David Foster Wallace is my latest literary obsession: a state of consumption and immersion in his essays, conversations, speeches, and thoughts. DFW was an influential writer and professor, who had an assignment to review Bryan Garner’s A Dictionary of Modern American Usage. The essay ran in Harper’s Magazine and created a buzz.
In a conversation, Garner asks Wallace about writers he admires.
So probably the smart thing to say is, if you spend enough time reading or writing, you find a voice, but you also find certain tastes. You find certain writers who when they write, it makes your own brain voice like a tuning fork, and you just resonate with them. And when that happens reading those writers …. become a source of unbelievable joy.

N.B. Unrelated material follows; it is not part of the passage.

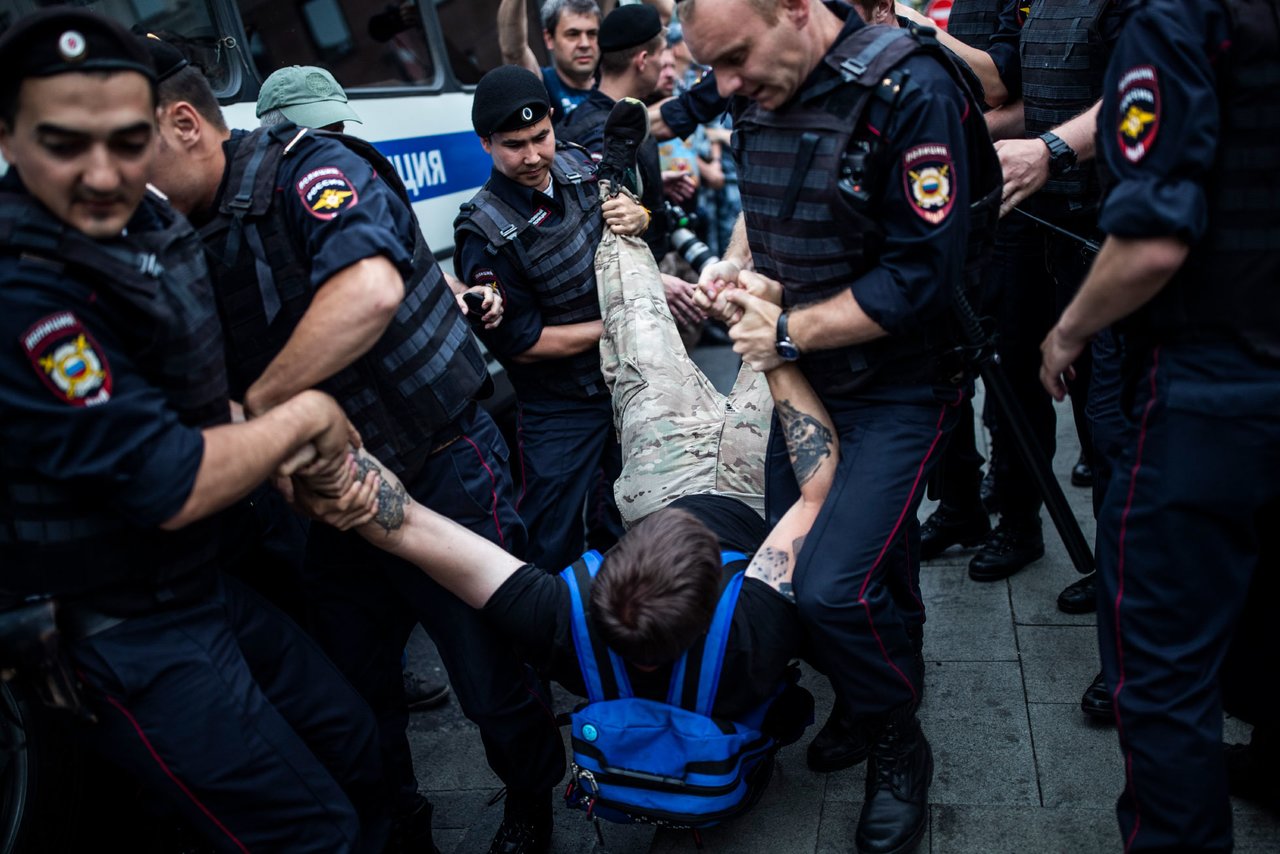 Злостное неповиновение. Полицейские на митинге в Москве. Неповиновение полиции. Задержание на митинге в Москве.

It’s like eating candy for the soul.
And I sometimes have a hard time understanding how people who don’t have that in their lives make it through the day. But it’s also true that my father can listen to classical music and be nourished in ways that I’ll never understand. Or my wife can go to some local gallery and look at art and come home looking . . . she’s a different person. She’s been changed somehow. (Quack This Way, p. 61; an interview between Wallace & Garner, 2013)
Wallace has turned out to be that kind of writer, the writer who resonates, who delights, who, for this reader, sustains.

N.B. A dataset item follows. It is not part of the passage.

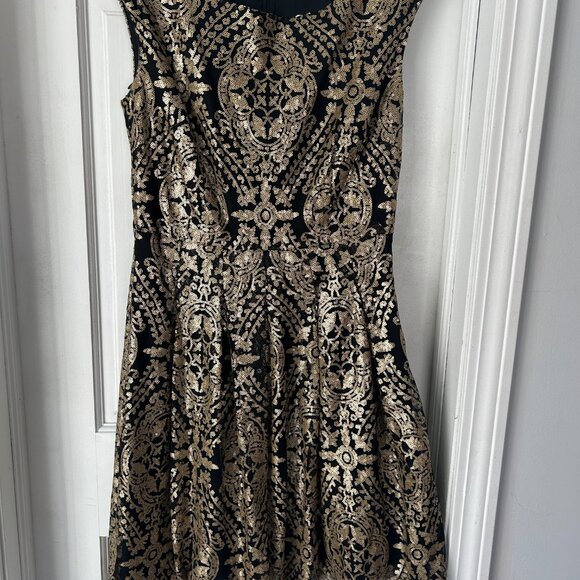 Elegant Black and Gold Women's Dress - Picture 9 of 9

TheTreeHouse is a home for stories and fables and parables. So here is a ‘fun’ Kafka piece which Wallace discussed in a speech.
A Little Fable by Franz Kafka
“Alas,” said the mouse, “the whole world is growing smaller every day. At the beginning it was so big that I was afraid, I kept running and running, and I was glad when I saw walls far away to the right and left, but these long walls have narrowed so quickly that I am in the last chamber already, and there in the corner stands the trap that I must run into.”
“You only need to change your direction,” said the cat, and ate it up.
A video adaptation produced by Gustavo Munoz
Now that you’ve read the fable and seen the video, here is DFW’s speech. The five pages are a worthy investment of your time, providing an understanding of humor in America today, and a bonus Kafkaesque closing.
Das ist komisch. *
LINK to Harper’s Magazine reprint of speech:
Laughing with Kafka – Speech by David Foster Wallace
If you wish to listen to the speech, here it is.
* German for “That’s funny.” Franz Kafka wrote in German.
** Text in the original German
Kleine Fabel
Franz Kafka
»Ach«, sagte die Maus, »die Welt wird enger mit jedem Tag. Zuerst war sie so breit, daß ich Angst hatte, ich lief weiter und war glücklich, daß ich endlich rechts und links in der Ferne Mauern sah, aber diese langen Mauern eilen so schnell aufeinander zu, daß ich schon im letzten Zimmer bin, und dort im Winkel steht die Falle, in die ich laufe.
« – »Du mußt nur die Laufrichtung ändern«, sagte die Katze und fraß sie.